Electronic disorder and magnetic-field-induced superconductivity enhancement in Fe$_{1+y}$(Te$_{1-x}$Se$_{x})$

The iron chalcogenide Fe$_{1+y}$(Te$_{1-x}$Se$_{x})$ superconductor system exhibits a unique electronic and magnetic phase diagram distinct from those seen in iron pnictides: bulk superconductivity does not appear immediately following the suppression of long-range ($\pi $,0) AFM order. Instead, an intermediate phase with weak charge carrier localization appears between AFM order and bulk superconductivity (Liu \textit{et al.}, Nat. Mater. \textbf{9}, 719 (2010)).
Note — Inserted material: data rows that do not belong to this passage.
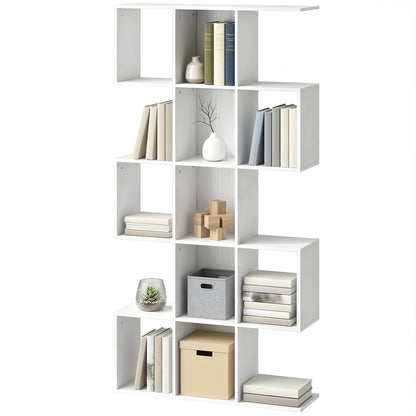 5-Tier S-Shaped Geometric Bookshelf - White Wood Grain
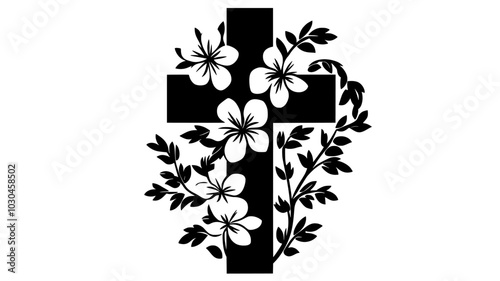 Cross-shaped floral design on stand at church entrance, vector illustration art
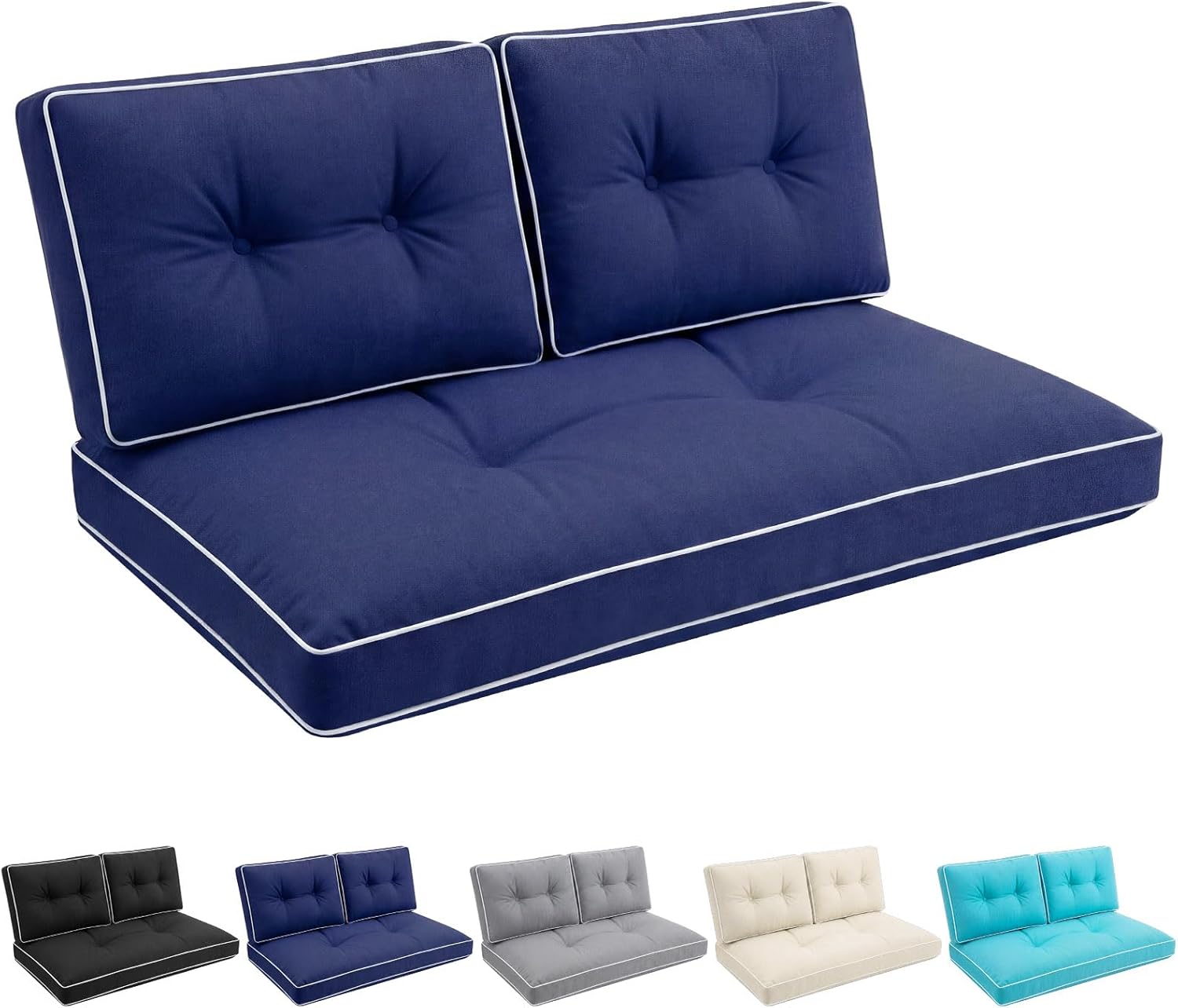 Yuntau Set of 3 Outdoor Loveseat Cushions 48x24 Inch Waterproof Tufted Bench Cushions for Patio Furniture Fade Resistant 1 Loveseat and 2 Seat Pad for Swing Couch Sofa Wicker Chair Settee (Navy Blue)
In this talk, we report our recent studies on the relationship between the normal state and superconducting properties in Fe$_{1+y}$(Te$_{1-x}$Se$_{x})$. We show that the superconducting volume fraction $V_{SC}$ and normal state metallicity significantly increase while the normal state Sommerfeld coefficient \textit{$\gamma $} and Hall coefficient $R_{H}$ drop drastically with increasing Se content in the underdoped superconducting region. Additionally, $V_{SC}$ is surprisingly enhanced by magnetic field in heavily underdoped superconducting samples. The implications of these results will be discussed. Our analyses suggest that the suppression of superconductivity in the underdoped region is associated with electronic disorder caused by incoherent magnetic scattering arising from ($\pi $,0) magnetic fluctuations.